In Beijing, the Williams family visited the Cultural Palace of Nationalities in Beijing and the Niujie Mosque where Hui Muslims gathered in peaceful prayer—for Williams, a radical departure from the persecution that the Nation of Islam encountered back home. He chose to include the lecture “Minorities’ Policy in China” in his late 1970s speaking tour in the United States sponsored by the U.S.-China People’s Friendship Association, as did Vicki Garvin, a Black educator and union organizer from New York City who lived and worked in China from 1964 to 1970.
The sense of Chinese ethnic equality did not only impress Marxists like Vicki Garvin or those long committed to the liberatory potential of China like Robert Williams. When Ron Karenga, a Black cultural nationalist best known for establishing the Pan-African holiday of Kwanzaa, embarked on a summer 1977 tour of China with twenty other Black educators, he noted the non-discriminatory treatment accorded to national minorities. At the Central University for Nationalities in Beijing, he lectured Chinese faculty and students about independent Black education in the United States and its importance for African American liberation. Karenga’s US Organization had engaged in violent clashes with the Black Panther Party in Los Angeles in 1969, spurred on by political disagreements about the centrality of culture or class to Black liberation and the counterintelligence operations of the FBI. But he and Huey Newton, the Black Panthers’ Minister of Defense, shared an admiration for Chinese models of minority governance.
It was not a one-way street. Chinese intellectuals and officials often ruminated on African American oppression and resistance as part of their own efforts to understand China’s evolving policies regarding its minority nationalities. The mechanisms and histories of Black exploitation in the United States allowed them to sharpen analyses about the relationship between the “race question” 种族问题, the “ethnic question” 民族问题, and capitalism—a relationship applicable to the multiethnic Chinese state, which included territories still undergoing socialist construction. The bilateral nature of this exchange challenges a fundamental assumption that often underlies studies of “Global Maoism,” namely that Maoism, as theory or set of revolutionary practices, unidirectionally flowed outward from China to the world. Yet, as the interrelatedness of racial and ethnic discourses in 1960s China shows, Maoism as articulated within China itself was shaped by external conditions—in this case, by the course of African American political struggle and developments in the U.S. civil rights movement.

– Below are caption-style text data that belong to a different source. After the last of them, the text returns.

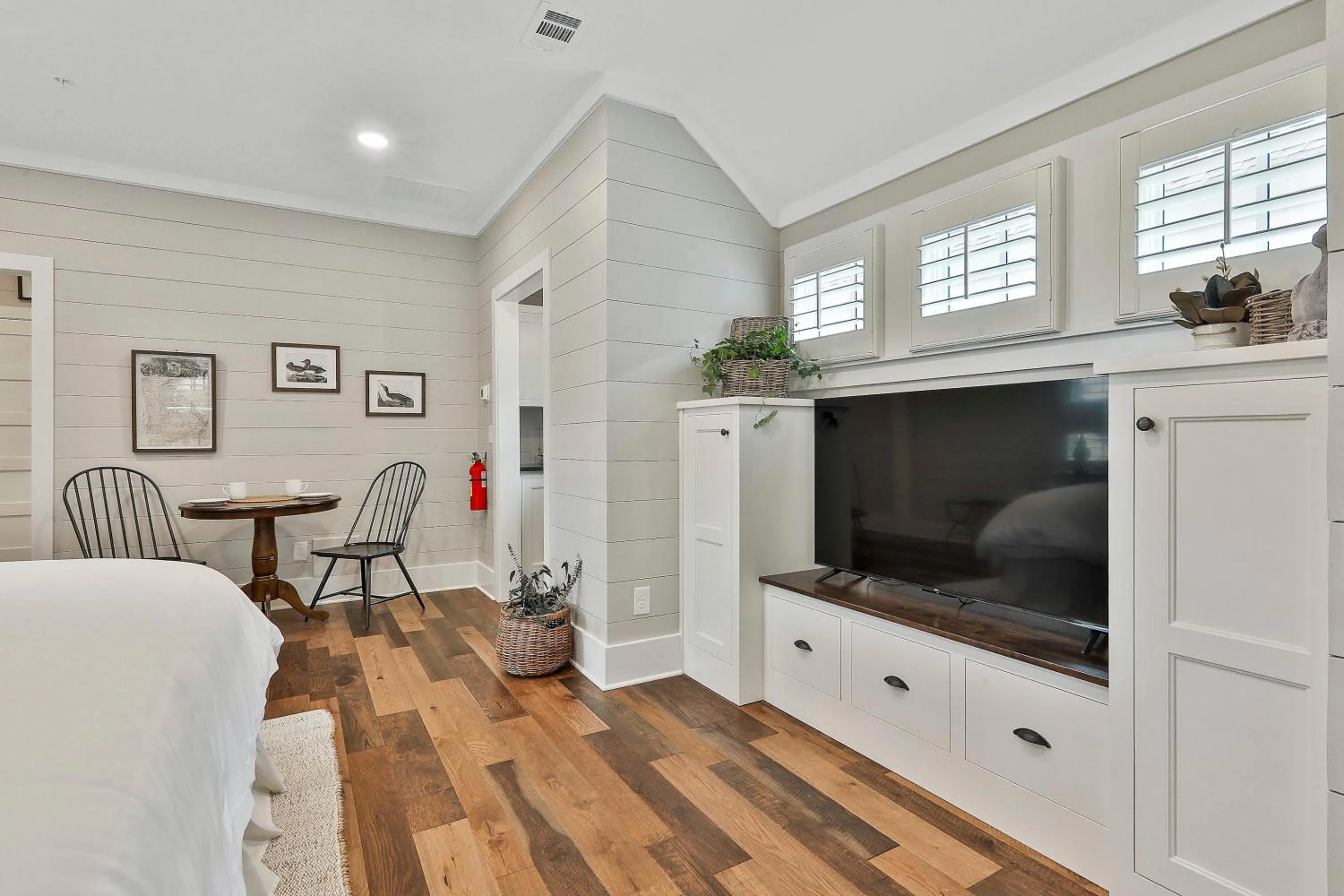 TV and multimedia in The Cottages at Laurel Brooke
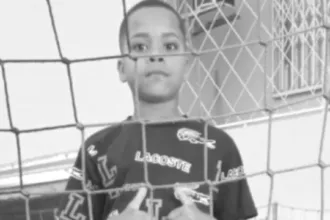 Acidente em quadra esportiva resulta em morte de menino em SC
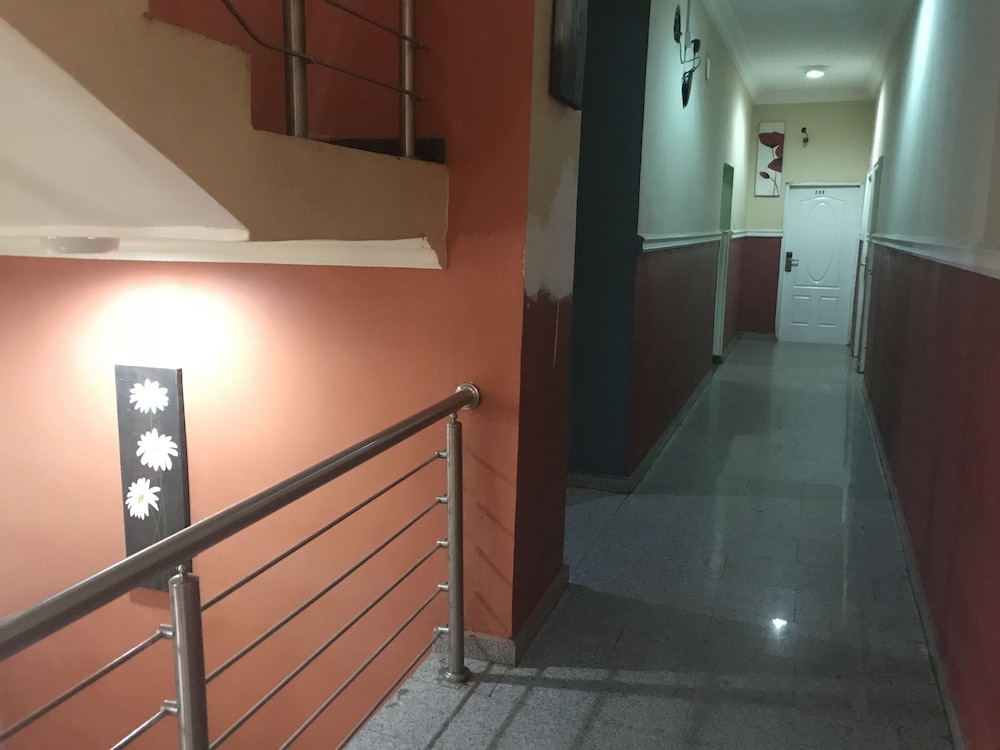 Richmond Hills Suites 3/20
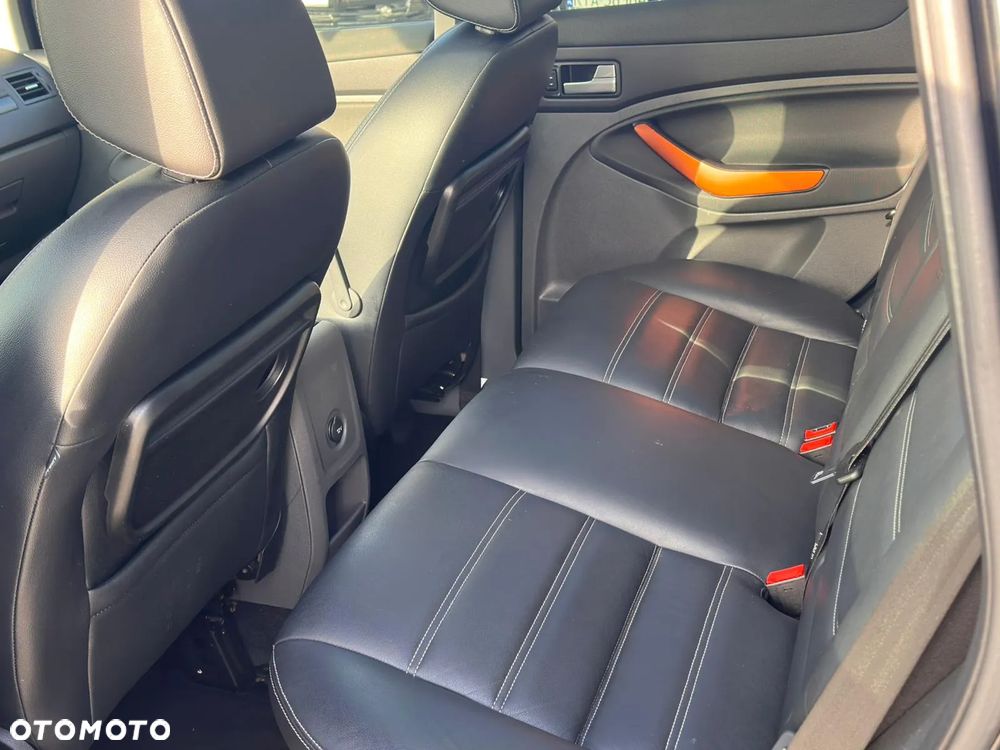 Ford Kuga 2.0 TDCi 2x4 Titanium - 15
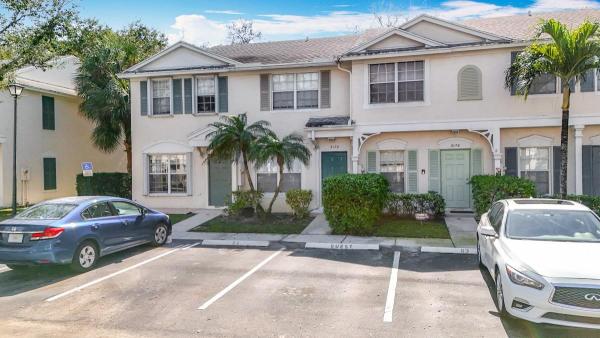 Banyan Oakridge, 3172 SW 50th St, Dania Beach, Florida 33312, image 1
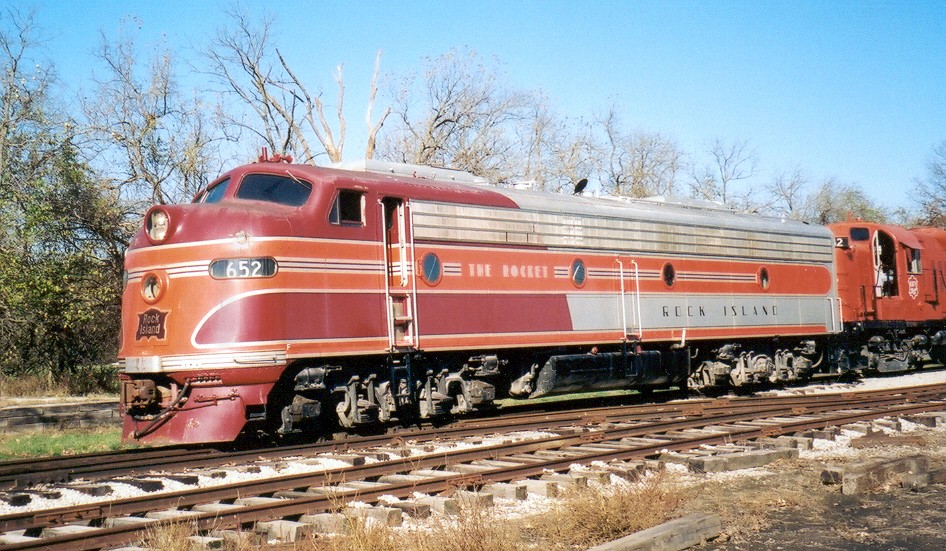 Vehicle - Rail - Locomotive - Diesel - EMD E8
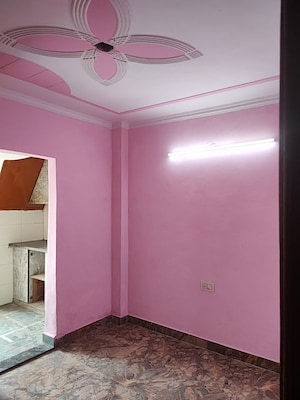 Room in 1 BHK Builder Floor at Tri Nagar – for Rent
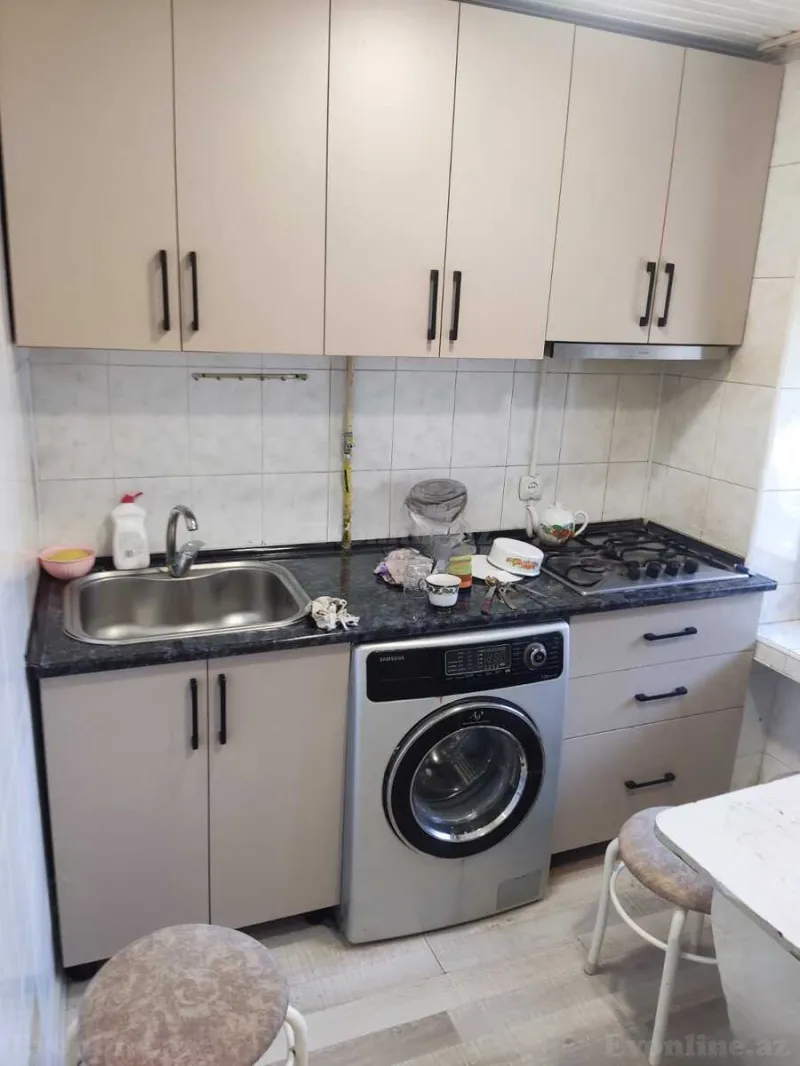 Kirayə verilir 2 otaqlı Mənzil Köhnə tikili 47 m² Qara Qarayev m. - şəkil 5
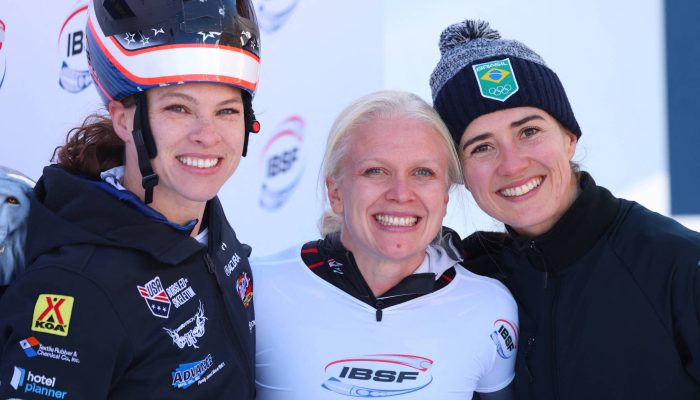 (Da esq. p/ dir.): Kelly Curtis, Kim Meylemans e Nicole Silveira após etapa do Mundial em St. Moritz, na Suíça 
             -       
        Denis Balibouse - 9.jan.26/Reuters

Modern equivalencies between global Blackness and Chinese minority identities date back to the early twentieth century. Popular culture in Republican-era Shanghai once compared the peoples and cultures in China’s vast frontier regions, such as Taiwan, to communities in Africa and the South Pacific perceived as similarly “primitive,” employing racial imagery and descriptors of “Africans,” “blackness,” and “savages” for both. On the Chinese “national question” of the 1950s, Jeremy Tai concludes that this impulse to differentiate race 种族 and nation or ethnicity 民族 arose in part from the necessity of distinguishing “race” in capitalist contexts from “ethnicity” in socialist ones. In other words, Cold War exigencies unmoored Chinese analyses of racial capitalism from internal debates about ethnic politics. Consequently, the accompanying logic that racism presented a problem only in other societies but not in China persists to the present day. While Mao-era officials indeed considered questions of race and ethnicity as qualitatively different, their relationship to each other—inflected by ongoing U.S. civil rights struggles—was more elaborate and entwined.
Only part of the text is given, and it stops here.